The relationships of belonging and task socialization to GPA and intentions to re-enroll as a function of race/ethnicity and first-generation college student status

Gehringer et. al / Journal of Diversity in Higher Education / January 2021

Student Walking through a Door

The authors examined longitudinal changes in new college students’ perceptions of belonging and task mastery socialization effectiveness and their relationships to re-enrollment intentions and subsequent GPAs as a function of race/ethnicity and first-generation status. Incoming students completed socialization effectiveness measures before orientation, after orientation and during a first-semester student success course. The results from the sample of 302 students who completed the course indicated that students, especially students of color, experienced greater task mastery versus belonging as the semester progressed. Students who perceived greater belonging (but not task mastery) had stronger intentions to re-enroll; this was especially true among Latinx (vs. non-Latinx) students of color, White (vs. students of color), first-generation students, and students of color (vs.
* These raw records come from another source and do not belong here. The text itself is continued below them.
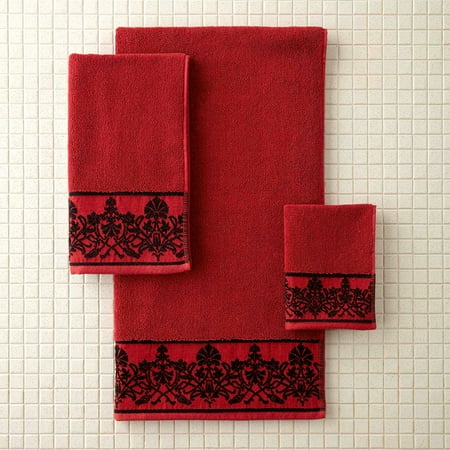 Better Homes and Gardens Red Scroll Decorative Bath Towel Collection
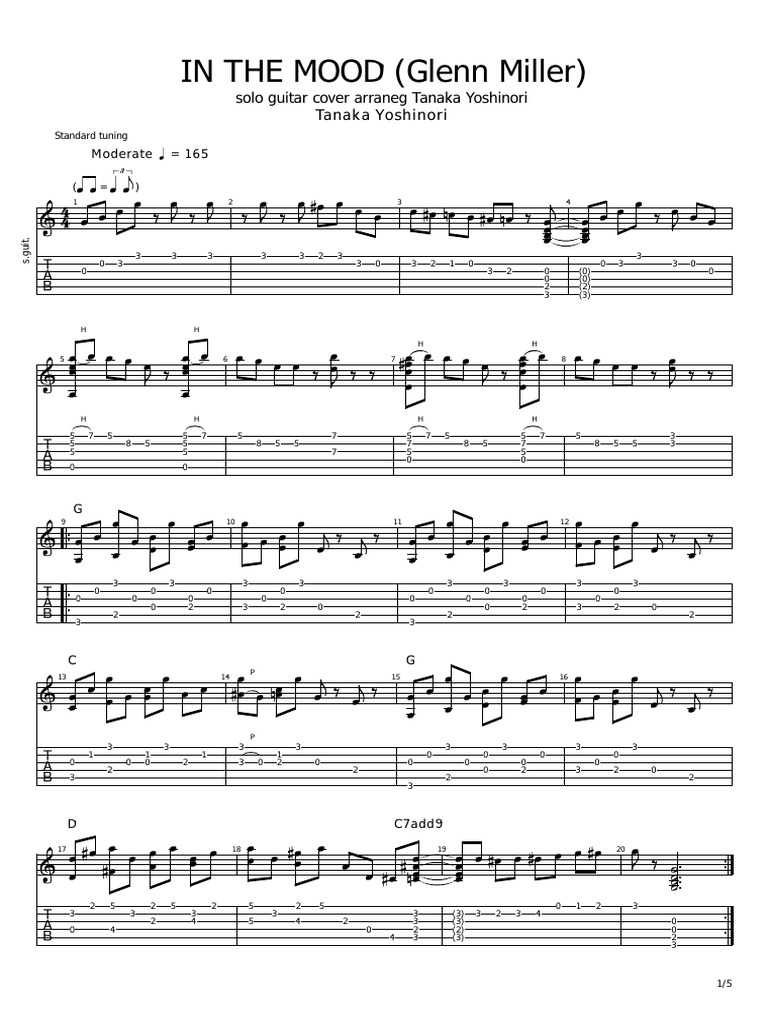 In The Mood - Fingerstyle | PDF | Irish Musical Instruments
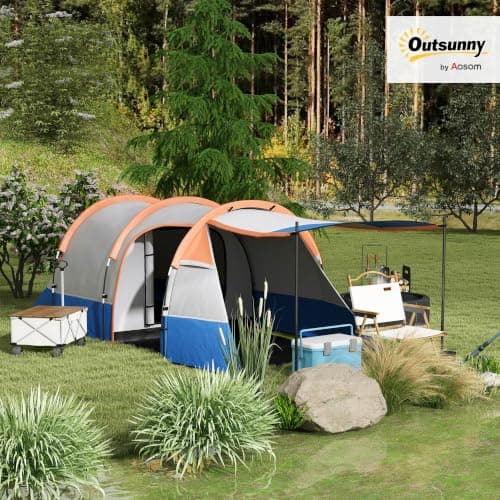 Outsunny 2 Man Camping Tent Tunnel Tent Large 420L x 200W x 150H cm Orange — view 2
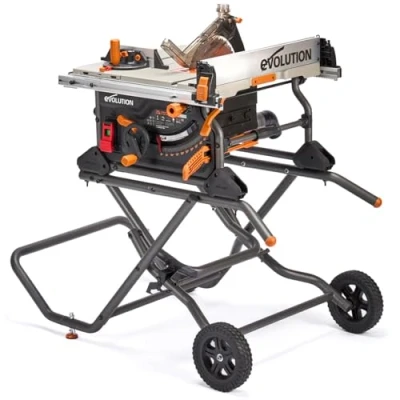Image of Evolution Power Tools R255TBLX Table Saw With Stand (Next Gen Rage 5 S) Multi Material Cutting Blade Included Cuts Wood Metal Plastic, 45˚ Bevel, +/ 60˚ Mitre Angle, 85mm Cut Depth, 1650w Motor, 240v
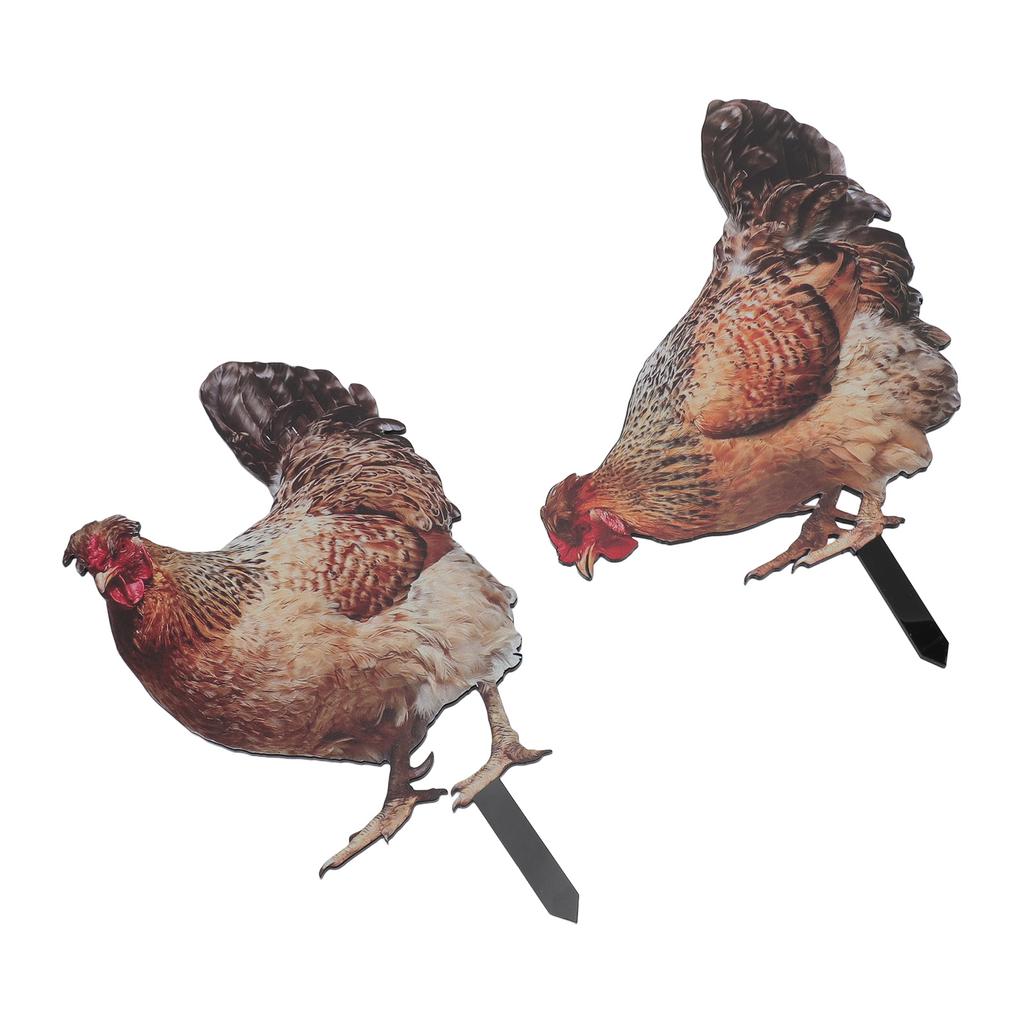 2pcs Hen Garden Stake Ornament Acrylic Stereoscopic Simulation Colorful Outdoor Chicken Ground Plug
White) continuing-generation students. In contrast, students who perceived greater task mastery (but not belonging) had higher GPAs and this was more true of Latinx (vs. non-Latinx) students of color. These findings support the use of a brief measure to assess socialization effectiveness and suggest that early belonging and task mastery interventions might be effective for improving retention and performance, respectively. They also suggest that more targeted interventions may be needed to improve underrepresented group members’ perceptions of belonging.